With pictures omitted, the line containing "Hotelul are un" and all later lines of the records below are to be restated word for word.

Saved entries
[Start of section]
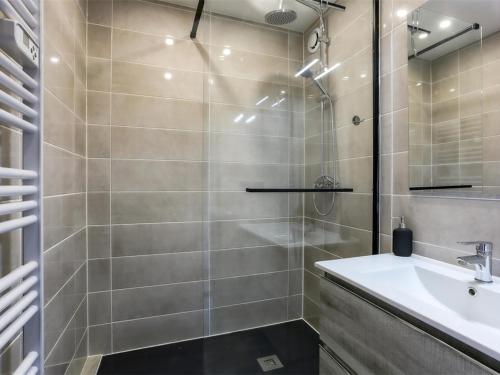 une salle de bain avec un lavabo et une douche en verre dans l'établissement Studio rénové avec balcon, centre Val Thorens, proche pistes, 2 pers, 3 Flocons Argent - FR-1-637-26, à Val Thorens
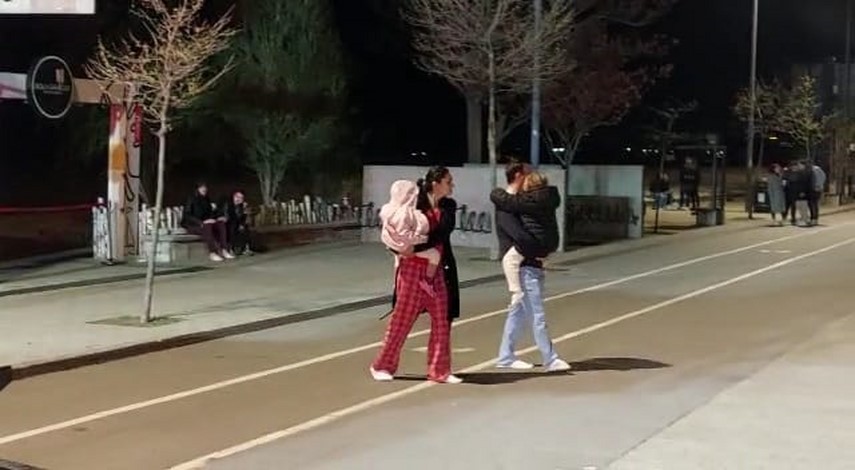 Hotelul are un numar de 21 de camere in care erau cazate 27 de persoane (22 adulti si 5 copii) (Galerie Foto)
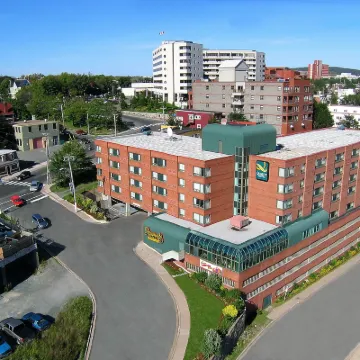 Quality Hotel Harbourview Hotels near The Fluvarium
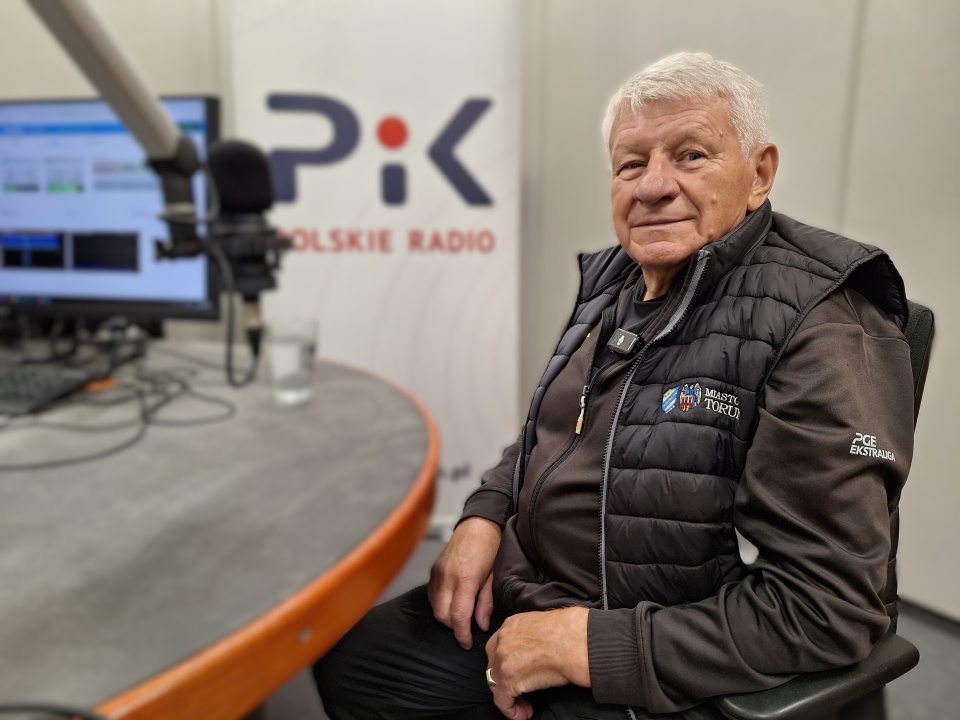 Jan Ząbik w toruńskim studiu Polskiego Radia PiK/fot. Tomasz Bielicki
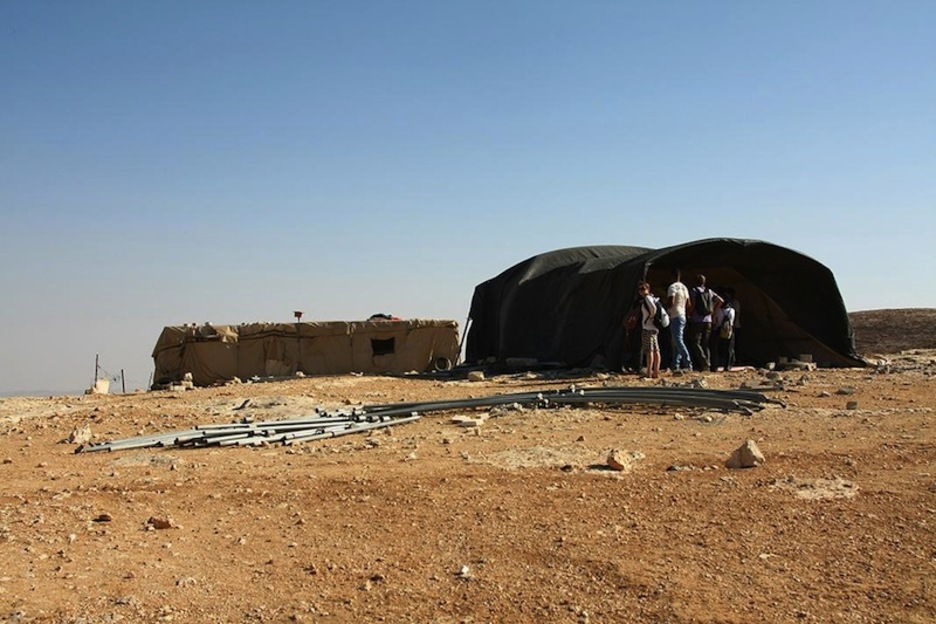 Al Mufaqarah-n kanpin-dendak erabili behar dituzte, harrizko etxebizitzen ordez.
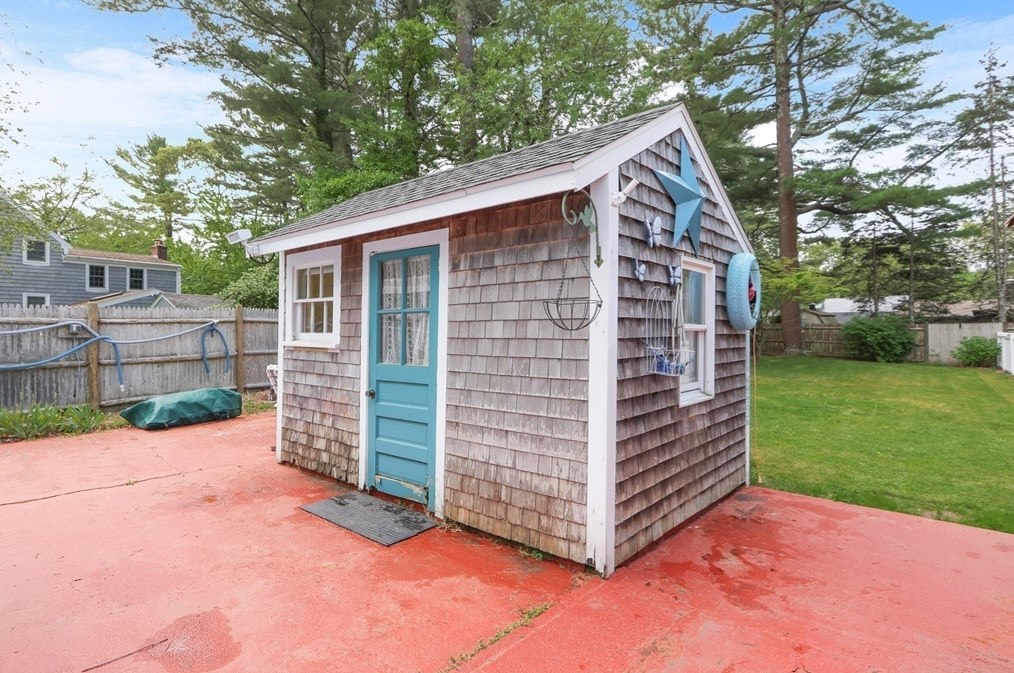 80 Frst Ave Ext, Plymouth MA 02360-4433 exterior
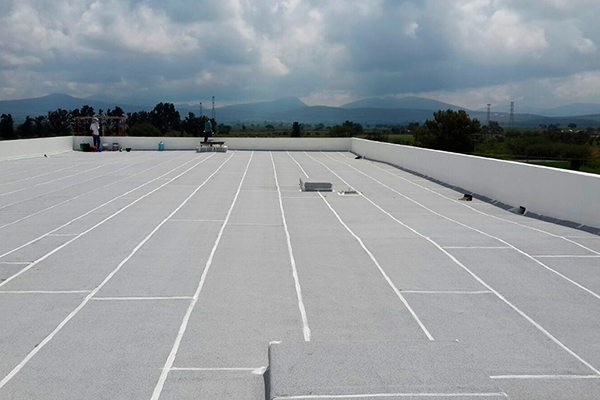 Impermeabilizacion en naves industriales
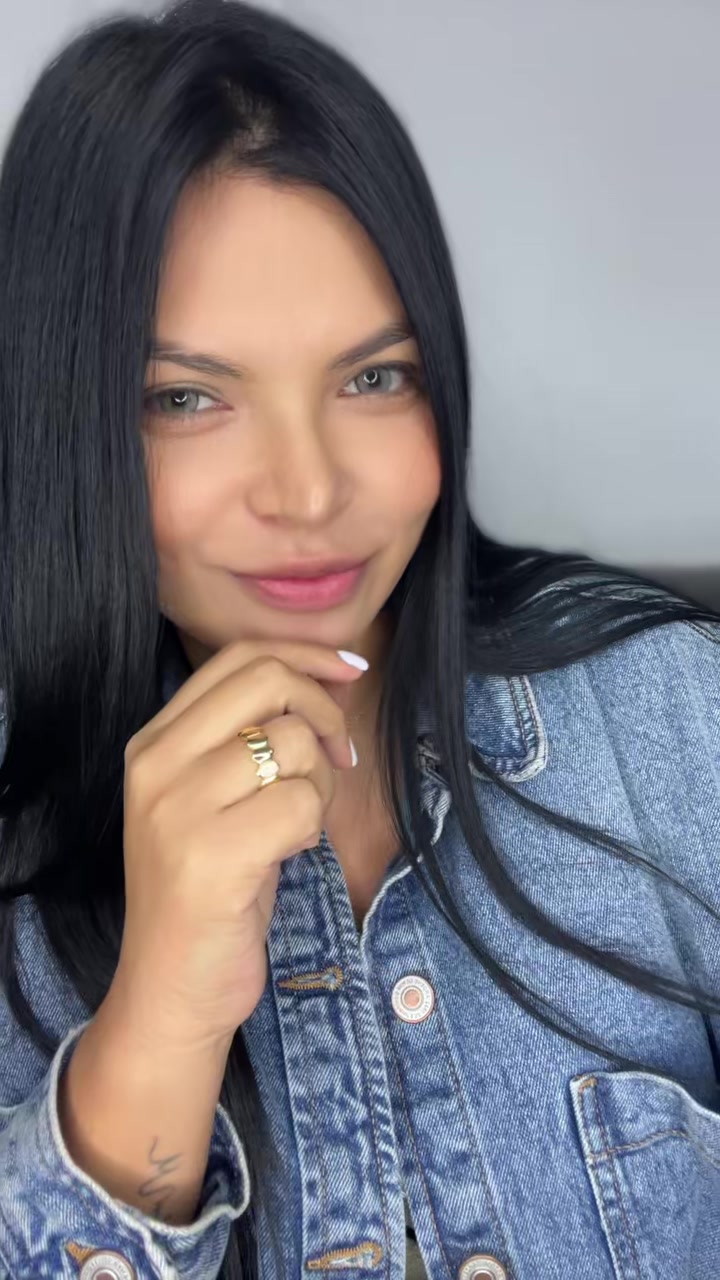 @dianalinaresg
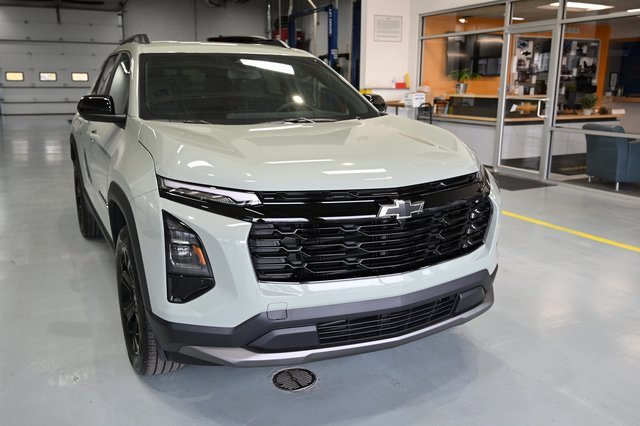 New 2026 Chevrolet Equinox LT w/ Convenience Package II image 3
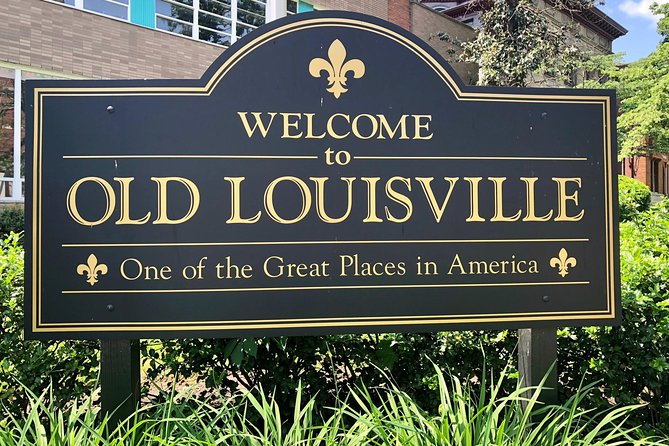 Old Louisville Walking Tour Recommended by The New York Times! @ 4th and Ormsby - Admiring Victorian Architecture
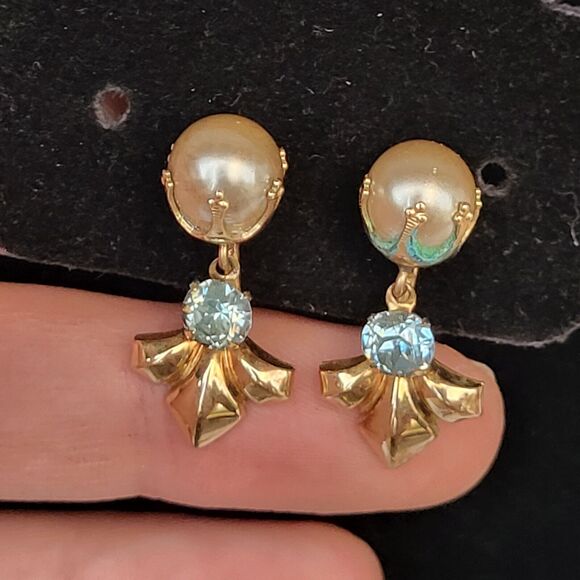 Vintage Amco 12kt Gold Filled Pearl & Aquamarine Twist Back Earrings 1" long - Picture 2 of 4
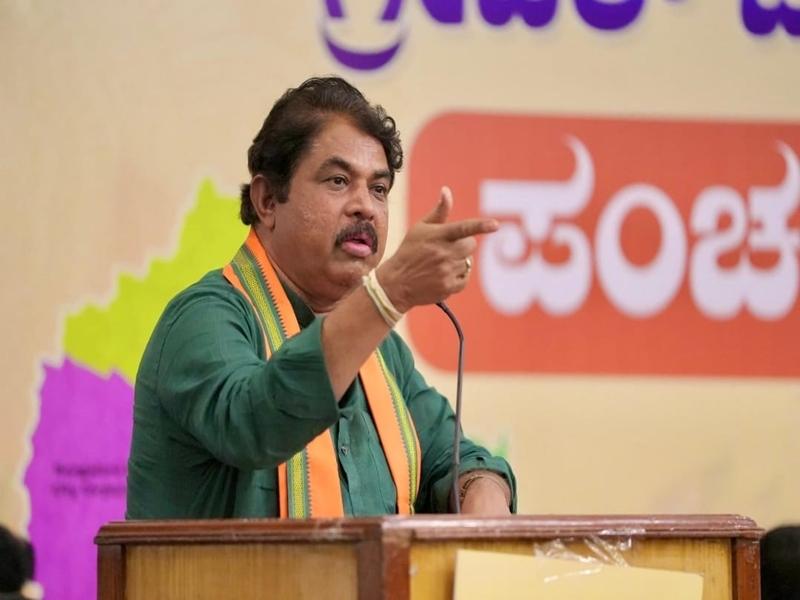 K'taka govt jeopardising students' future by scrapping Hindi: BJP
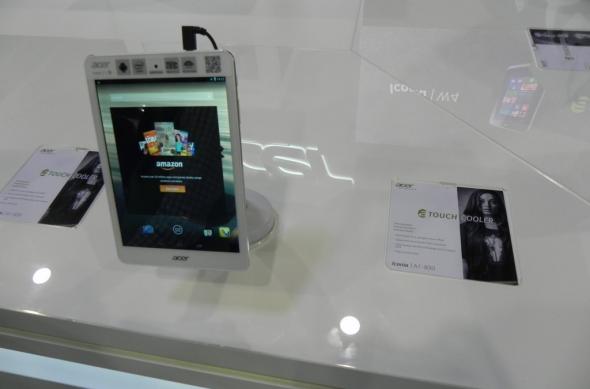 Acer Iconia A1-830 hands on preview: tabletă accesibilă cu carcasă din aluminiu și ecran de 7.9 inch (Retro MWC 2014 - Video): dscn5058jpg.jpg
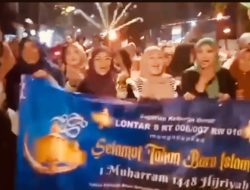 Ratusan Warga Meriahkan Pawai Obor di RW 10 Tugu Utara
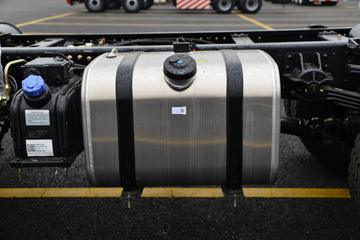 �����½� ����D1L 200���� 4X2 4����ж��(��ʿ��10��)ͼƬ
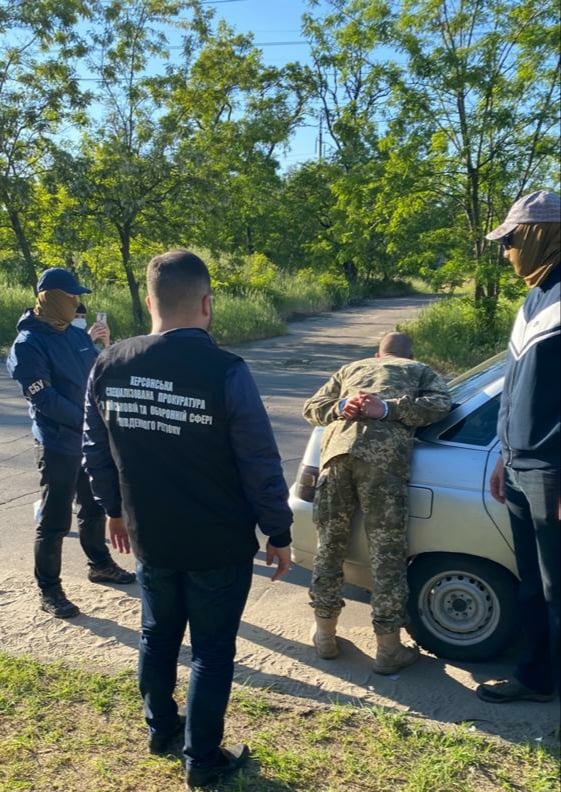На Херсонщине при получении 14 тыс. грн взятки задержаны полицейский и военнослужащий ВСП, - прокуратура 01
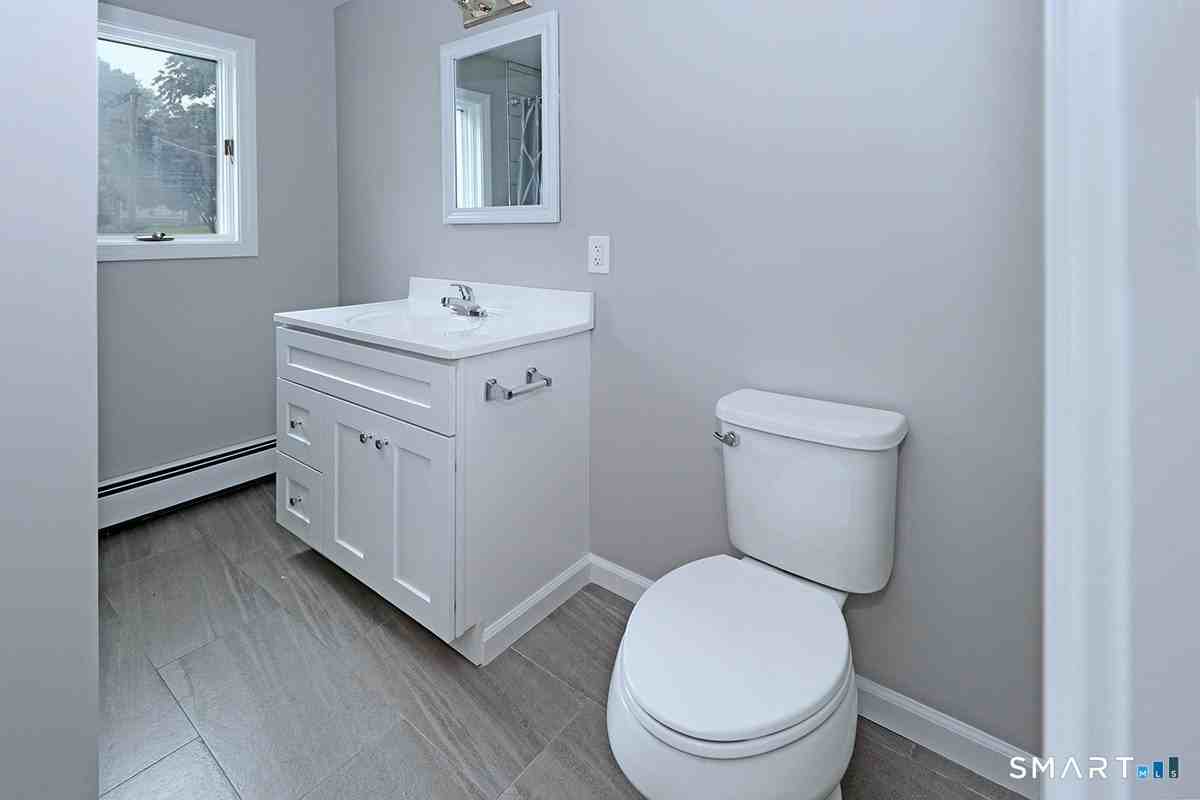 708 Black Rock Tpke - Photo 7 of 12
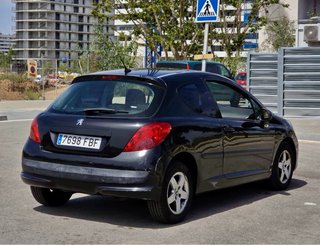 Peugeot 207 1.4i 90cv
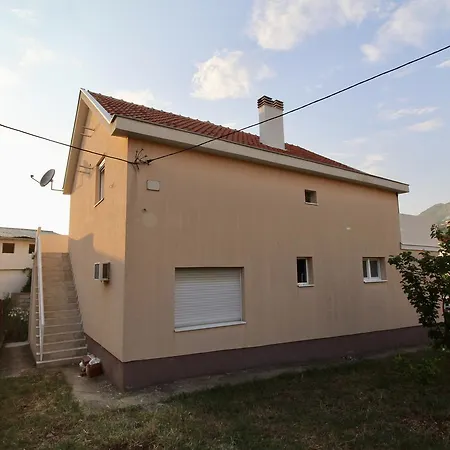 2Bd Kalamper Vista Apt With Sea Views And Shared Pool Villa Podgorica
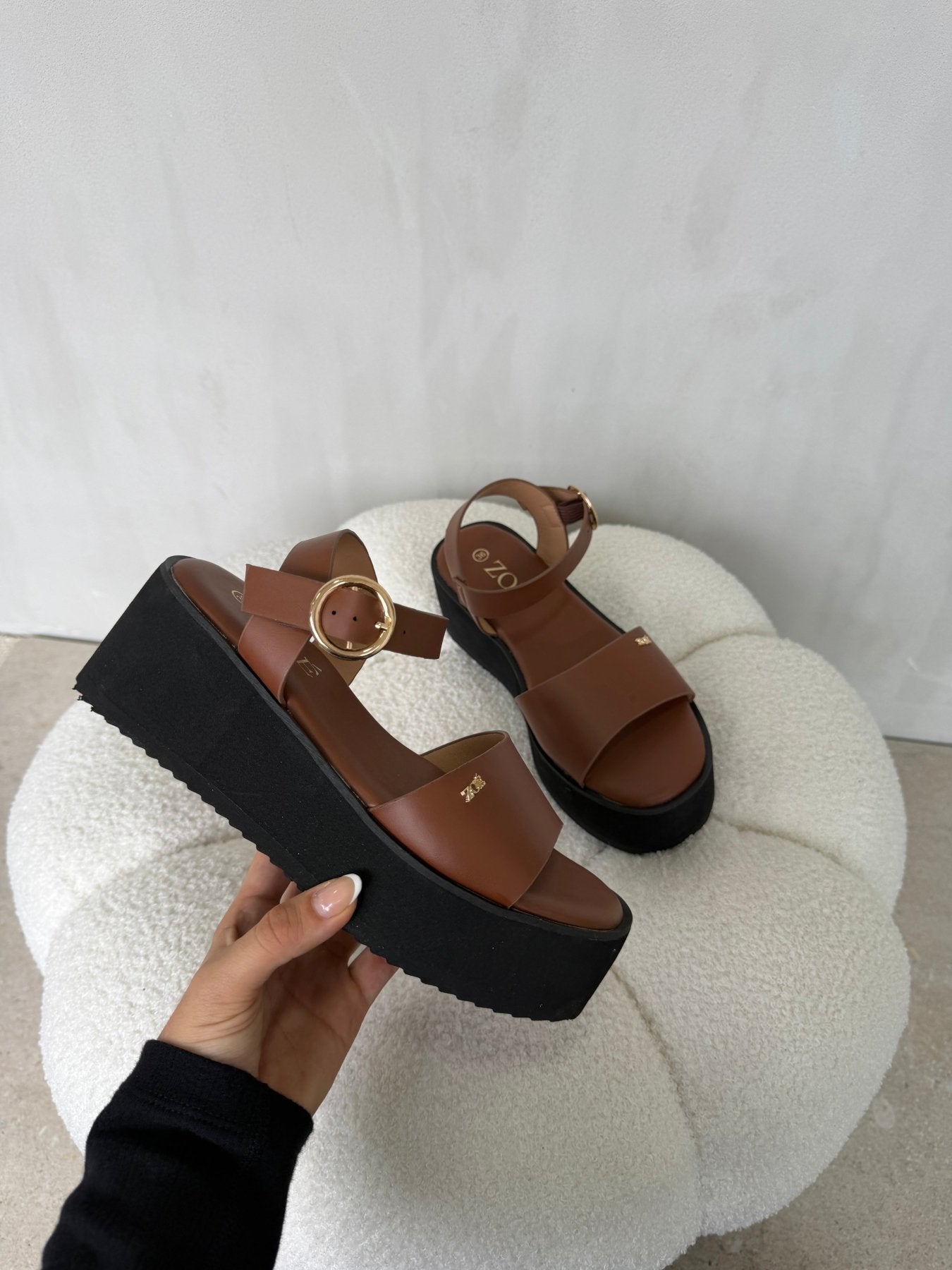 Sandalias Camel Plataforma 14931 Hebilla Casual de mujer Zoé Brand Costa Rica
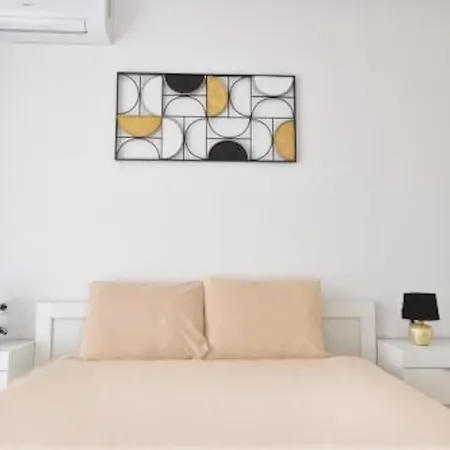 In The Luxury Onyx Apartment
[End of section]
### WRITTEN ANSWER
 Hotelul are un numar de 21 de camere in care erau cazate 27 de persoane (22 adulti si 5 copii) (Galerie Foto)
 Quality Hotel Harbourview Hotels near The Fluvarium
 Jan Ząbik w toruńskim studiu Polskiego Radia PiK/fot. Tomasz Bielicki
 Al Mufaqarah-n kanpin-dendak erabili behar dituzte, harrizko etxebizitzen ordez.
 80 Frst Ave Ext, Plymouth MA 02360-4433 exterior
 Impermeabilizacion en naves industriales
 @dianalinaresg
 New 2026 Chevrolet Equinox LT w/ Convenience Package II image 3
 Old Louisville Walking Tour Recommended by The New York Times! @ 4th and Ormsby - Admiring Victorian Architecture
 Vintage Amco 12kt Gold Filled Pearl & Aquamarine Twist Back Earrings 1" long - Picture 2 of 4
 K'taka govt jeopardising students' future by scrapping Hindi: BJP
 Acer Iconia A1-830 hands on preview: tabletă accesibilă cu carcasă din aluminiu și ecran de 7.9 inch (Retro MWC 2014 - Video): dscn5058jpg.jpg
 Ratusan Warga Meriahkan Pawai Obor di RW 10 Tugu Utara
 �����½� ����D1L 200���� 4X2 4����ж��(��ʿ��10��)ͼƬ
На Херсонщине при получении 14 тыс. грн взятки задержаны полицейский и военнослужащий ВСП, - прокуратура 01
 708 Black Rock Tpke - Photo 7 of 12
 Peugeot 207 1.4i 90cv
 2Bd Kalamper Vista Apt With Sea Views And Shared Pool Villa Podgorica
 Sandalias Camel Plataforma 14931 Hebilla Casual de mujer Zoé Brand Costa Rica
 In The Luxury Onyx Apartment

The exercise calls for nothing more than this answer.